▶ **Exercise objective**: For this exercise, please transcribe exactly and only the lines from the one containing "Certified Organic Alfalfa" through the end of the material, both ends included, without pictures.

▶ **Recorded data**:
=======

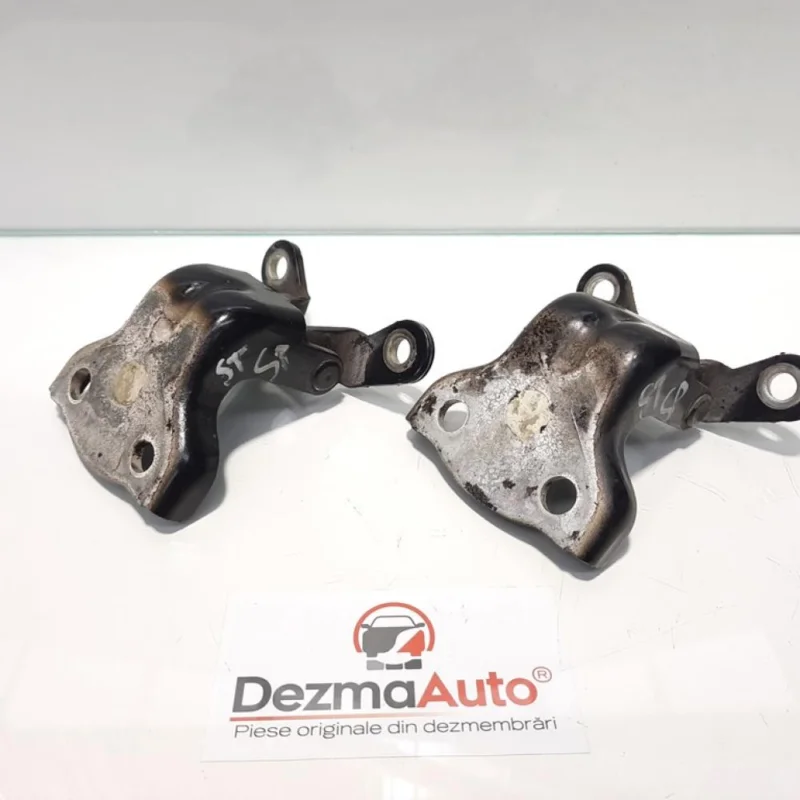 Set balamale stanga spate, Opel Antara [Fabr 2006-2017] (id:432993) Discount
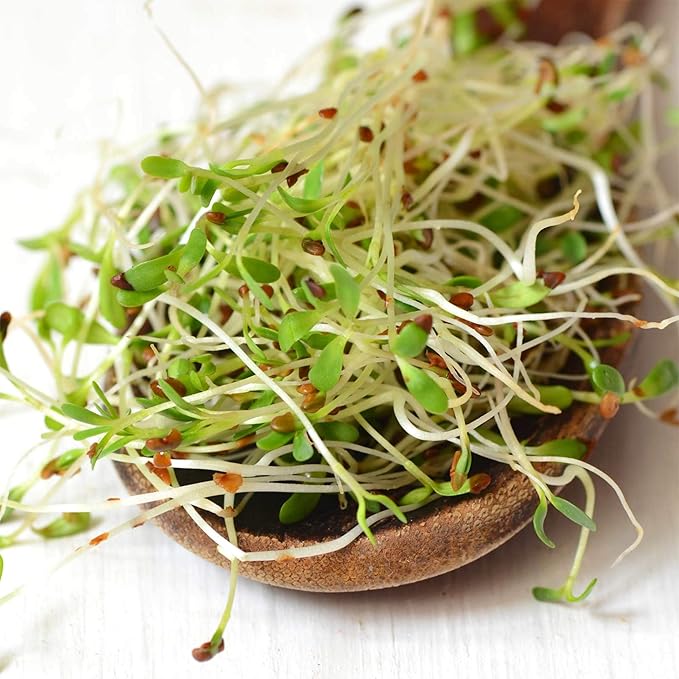 Certified Organic Alfalfa Sprouting Seed - 4 Oz - Handy Pantry Brand - High Sprout Germination- Edible Seeds, Gardening, Hydroponics, Growing Salad Sprouts, Planting, Food Storage & More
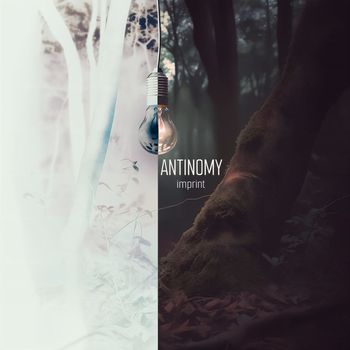 Imprint - Antinomy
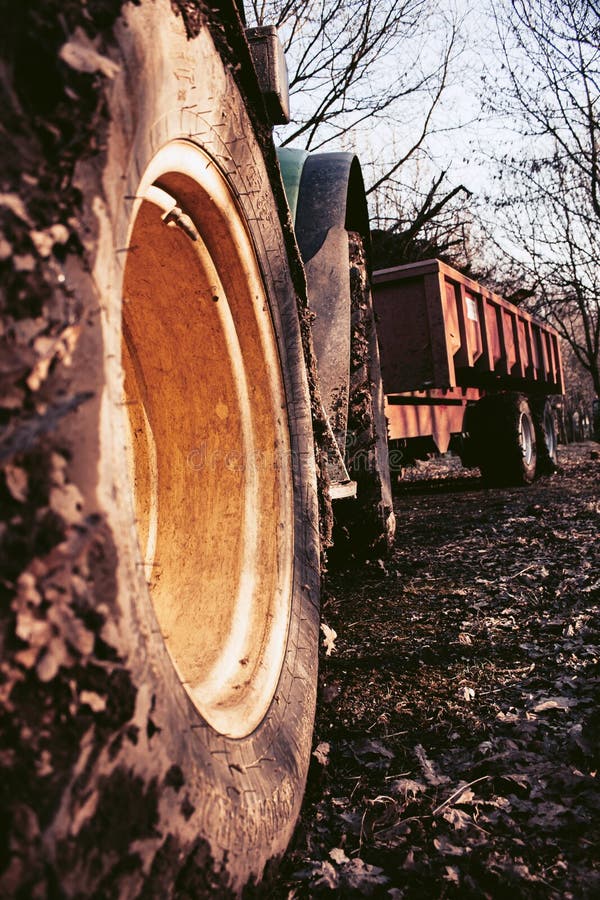 WHEELS tractor nature stock photo. Image of tree, branch 239847250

=======

▶ **Result of this exercise**:
 Certified Organic Alfalfa Sprouting Seed - 4 Oz - Handy Pantry Brand - High Sprout Germination- Edible Seeds, Gardening, Hydroponics, Growing Salad Sprouts, Planting, Food Storage & More
 Imprint - Antinomy
 WHEELS tractor nature stock photo. Image of tree, branch 239847250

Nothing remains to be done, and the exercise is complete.